2019年5月6日月曜日

GI療法(グルコース・インスリン療法)とは?目的・投与方法・注意点を病院薬剤師が解説   ※2026年6月 情報を更新しました

GI療法とは

GI療法(グルコース・インスリン療法)とは、インスリンとブドウ糖(グルコース)を同時に投与して、血液中のカリウム濃度を下げる高カリウム血症の治療法です。

インスリンには、血中のブドウ糖とカリウムを同時に細胞内に取り込む作用があります。GI療法はこの性質を利用して、血清カリウム値を緊急に下げるために使います。インスリン単独では低血糖になるため、ブドウ糖を同時に補う点がポイントです。


高カリウム血症とは

高カリウム血症とは、血清カリウム濃度が高くなった状態です(通常5.0 mEq/Lを超える場合)。

特に6.5 mEq/L以上では、致死的な不整脈を引き起こす危険があるため、迅速な対応が必要です。

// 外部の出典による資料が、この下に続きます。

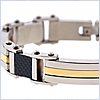 Stainless Steel Mens Link Bracelet 9 1/4 Inches - 24diamonds.com
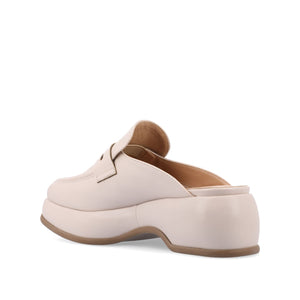 ANTONINA MULED FLATS IN VEGAN LEATHER - Off White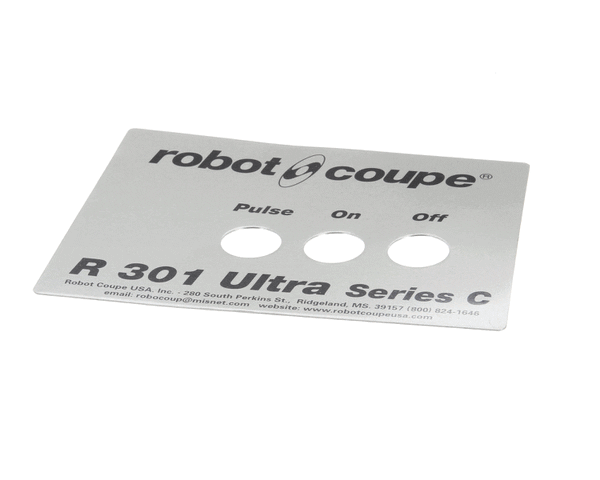 ROBOT COUPE PARTS Robot Coupe 407572 R301UC Us Front Plate - SKU ROB407572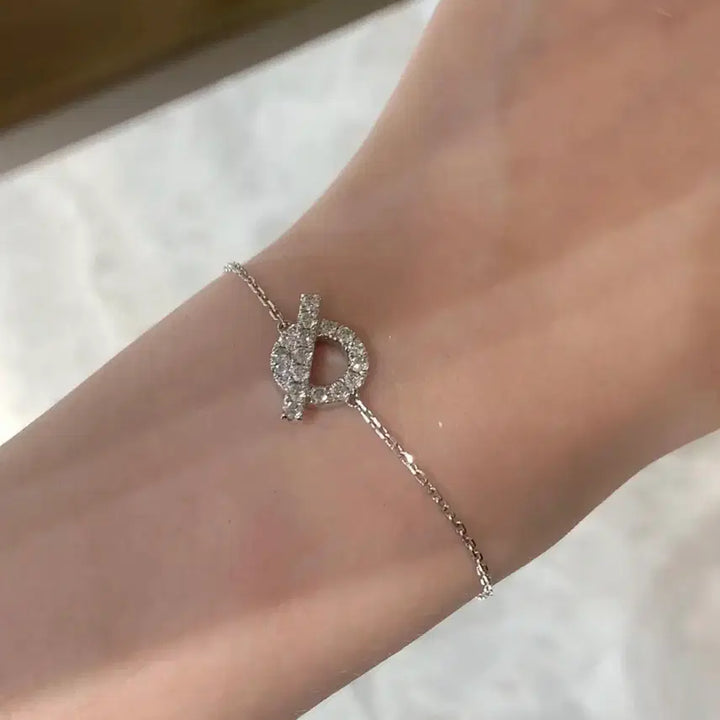 [BUNJANG] Hermes Finesse Mini Q Diamond Bracelet White Gold / 에르메스 피네스 미니Q 다이아 브레이슬릿 화이트골드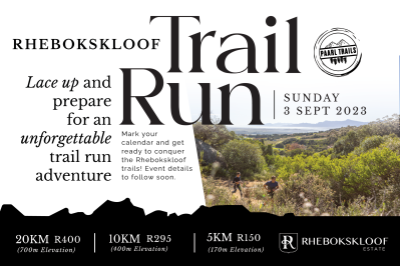 Rhebokskloof Trail Run Rhebokskloof Trail Run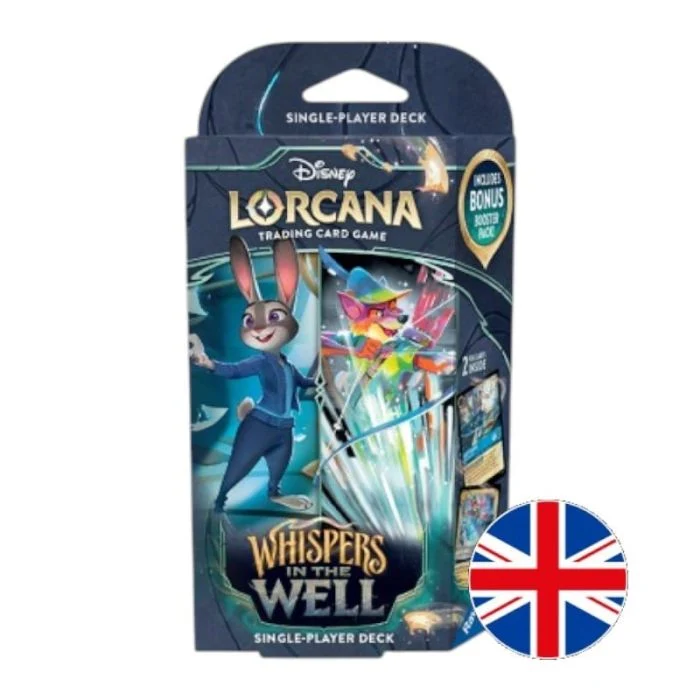 Lorcana - Whispers in the Well - Starter Deck - Steel-Sapphire - Edizione Inglese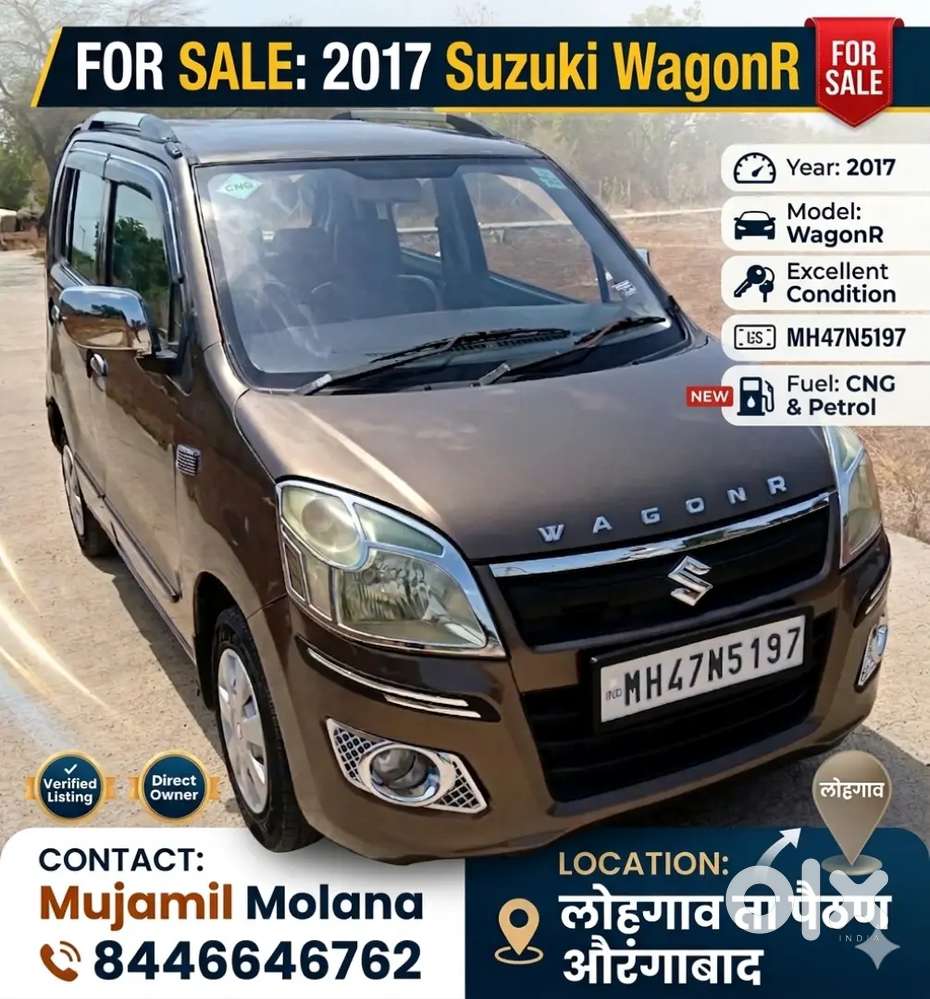 Maruti Suzuki Wagon R 1.0 2017 Cng & Hybrids 90000 Km Driven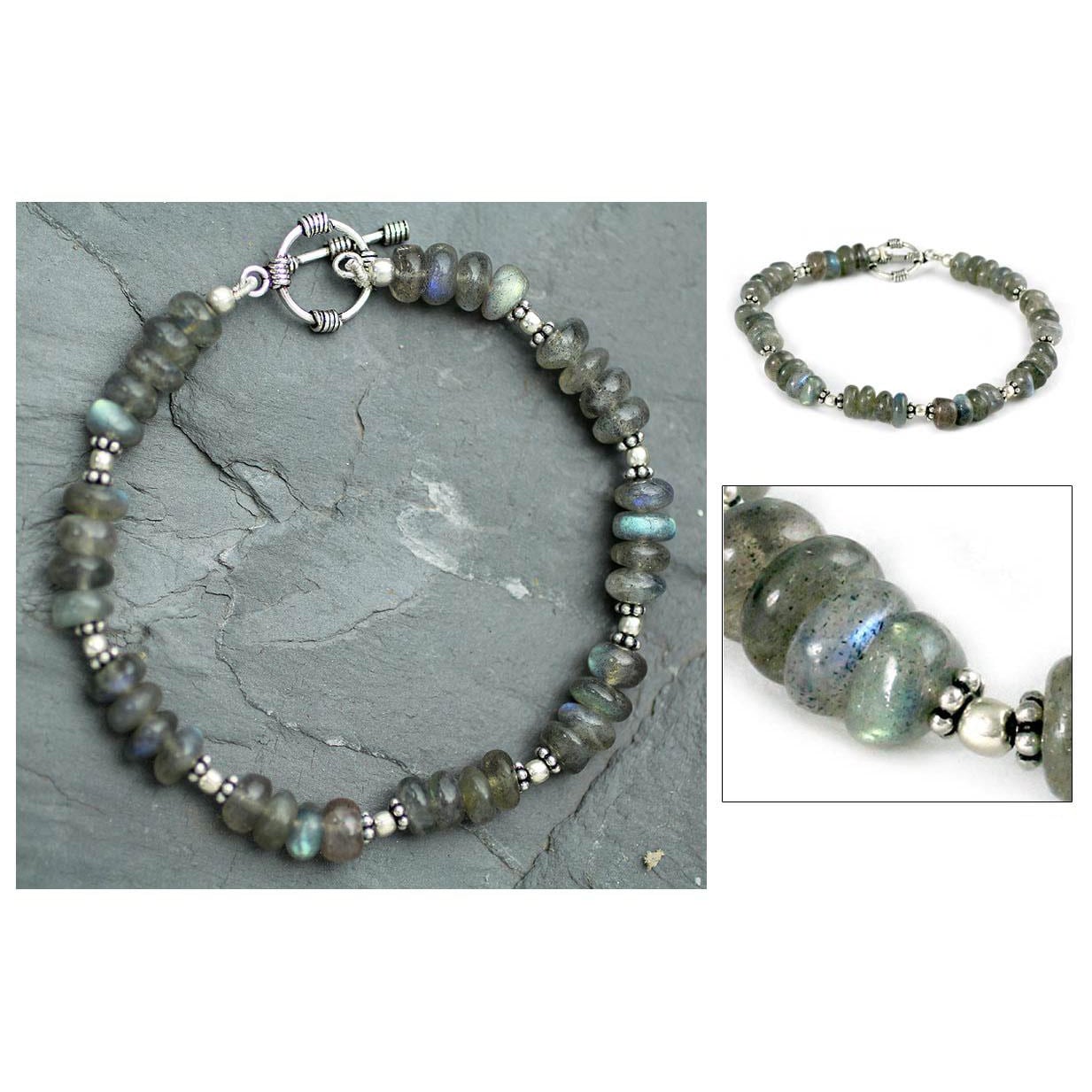 Handmade Sterling Silver Indian Rainbow Labradorite Bracelet Handmade Sterling Silver Indian Rainbow Labradorite Bracelet India On Free Shipping Today 6676737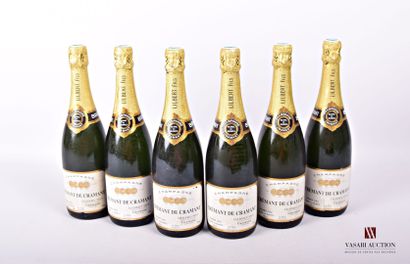 null 6 bottles Champagne CRÉMANT DE CRAMANT put Lilbert Fils Brut Blanc de Blancs
	And....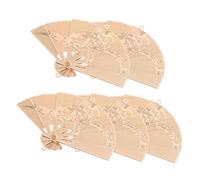 DRESSOOS 5pcs Fan Shaped Copper Charms DIY Jewelry Making Vintage Mini Foldable Metal Pendants for Earrings Bracelet Necklace Crafts Sturdy Smooth Edges Unique Creative Design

主な原因としては、腎機能低下(慢性腎臓病・急性腎障害)、ACE阻害薬・ARB・カリウム保持性利尿薬の使用、大量輸血、細胞崩壊(横紋筋融解症・腫瘍崩壊症候群)などが挙げられます。


GI療法の投与方法(施設によって異なります)

投与方法は施設によって異なります。代表的な方法を以下に示します。

【方法①】血糖値に応じて使い分ける方法

▼ 血糖値300 mg/dL未満の場合

  • 50%ブドウ糖 50 mL にレギュラーインスリン 10単位を混注して静脈内投与
  • 低血糖予防に10%ブドウ糖 50 mL を1時間かけて静脈内投与
  • 血糖値を1時間ごとに測定し、6時間までフォロー

▼ 血糖値300 mg/dL以上の場合

  • レギュラーインスリン 10単位を静脈内投与
  • ブドウ糖の追加投与は不要

【方法②】高張ブドウ糖液に混注して点滴投与

  • インスリンをブドウ糖 3〜4 g に対し1単位(糖尿病がある場合は2 g に対し1単位)で加えた20〜50%高張ブドウ糖液 200〜300 mL を、30分程度で静脈内投与

【方法③】持続投与

  • 50%ブドウ糖 50 mL、または10%ブドウ糖 250 mL、または5%ブドウ糖 500 mL に速効性インスリン5〜10単位を入れて持続静脈内投与

【方法④】インスリン静注+ブドウ糖急速投与

  • レギュラーインスリン 5〜10単位を静注し、直後または同時に50%ブドウ糖 50 mL を迅速投与
  • 低血糖予防のため10%ブドウ糖 50 mL/時で引き続き投与

治療中のモニタリング:薬剤師として特に意識したいこと

GI療法中は以下の点を継続的に観察することが重要です。

① 血糖値の変動(低血糖に注意)

  • 治療中は血糖測定を継続
  • 低血糖症状:動悸、発汗、振戦、意識障害
  • 特に腎機能が低下している患者ではインスリンの分解が遅く、低血糖が遷延しやすい

② 心電図の変化

状態心電図所見
高カリウム血症P波の消失、QRS幅の延長、テント状T波
低カリウム血症ST低下、T波の平坦化、U波の増高

③ 自覚症状・神経筋症状

状態症状
高カリウム血症脱力感、四肢のしびれ
低カリウム血症四肢筋緊張の低下、全身倦怠感、周期性四肢麻痺

GI療法の効果と限界

GI療法は血清カリウムを細胞内にシフトさせる治療です。体外へカリウムを排出するわけではないため、一時的な効果にとどまります。

根本的な原因治療(腎代替療法、薬剤の見直し、陽イオン交換樹脂の投与など)と並行して行うことが重要です。


まとめ

  • GI療法は高カリウム血症に対してインスリン+ブドウ糖を用いる緊急治療法
  • 血清K値 6.5 mEq/L以上では致死的不整脈のリスクがあり迅速対応が必要
  • 投与方法は施設によって異なるため、自施設のプロトコルを確認する
  • 治療中は血糖値・心電図・臨床症状を継続的に観察する
  • 腎機能低下患者では低血糖が遷延しやすい点に特に注意

病院薬剤師として処方を確認する際、腎機能・血糖値・他の投与薬(インスリン製剤との重複など)を意識しながら関わることが大切だと感じています。